# Lab #5

In today's lab we'll extend what we've learned so far on RNNs:

  1. Learning our own word embeddings
  2. Improving performance by using `LSTM` and `GRU` layers
  3. Mitigating overfitting by adding recurrent dropout
  4. Improving performance by adding more layers
  5. Improving performance by using a `Bidirectional` layer


In [None]:
# Import needed packages
import numpy as np
import matplotlib
import matplotlib.pyplot as plt
import os
import tensorflow as tf
import keras
from tensorflow.keras import backend as K
from keras import datasets, layers, models, preprocessing
from keras.preprocessing import sequence
from keras.datasets import reuters
from keras.utils import to_categorical

Today we'll be working with the [Reuters dataset,](https://faroit.com/keras-docs/1.2.2/datasets/#reuters-newswire-topics-classification) a set of short newswires and their topics, published by Reuters in 1986 that is built-in to Keras and can be loaded similarly to the IMDb dataset. This dataset contains 11,228 newswires from Reuters, labeled over 46 topics. As with the IMDb dataset, each wire is encoded as a sequence of word indexes and each label is an integer number from 1 to 46.

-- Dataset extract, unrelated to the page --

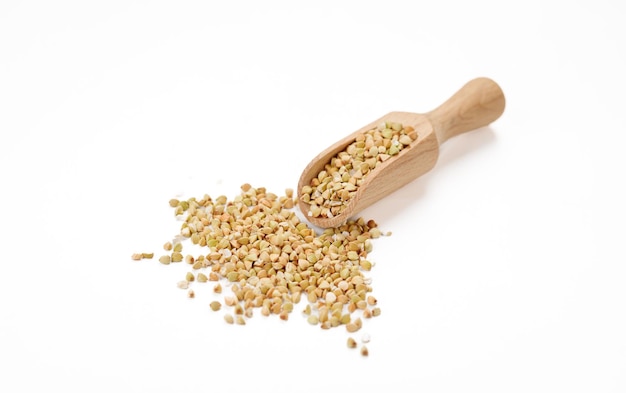 Buckwheat groats in bowls and bags isolated on a white background High quality photo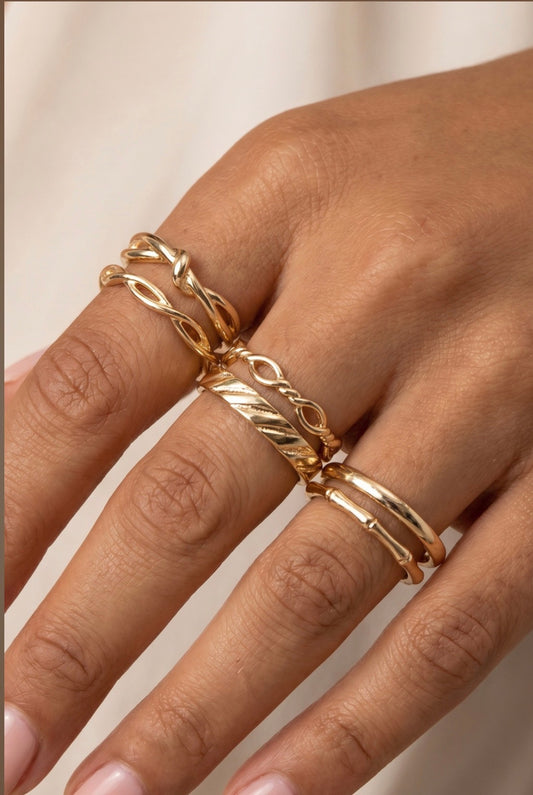 Five-piece gold textured ring stack featuring twisted, woven, Figaro chain, dome, and engraved bands for a layered everyday look.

Use the code below to load the data. Here we have chosen the number of words in our dictionary to be 10,000 (just like we did with the IMDb dataset) and the maximum length of a message to be 500 words. Any newswires shorter than 500 words will be padded with 0s and any newswires longer than 500 words will be truncated to the first 500 words. We use the `to_categorical` function to transform the y values from a single interger between 1 and 46 (indicating which of the 46 classes the message has been labeled as) to a vector of length 46 with a 1 in the position associated with the integer label and the rest 0s. 

In [None]:
# Load data
(x_train, y_train), (x_test, y_test) = reuters.load_data(num_words = 10000)

x_train = sequence.pad_sequences(x_train, maxlen = 500)
x_test = sequence.pad_sequences(x_test, maxlen = 500)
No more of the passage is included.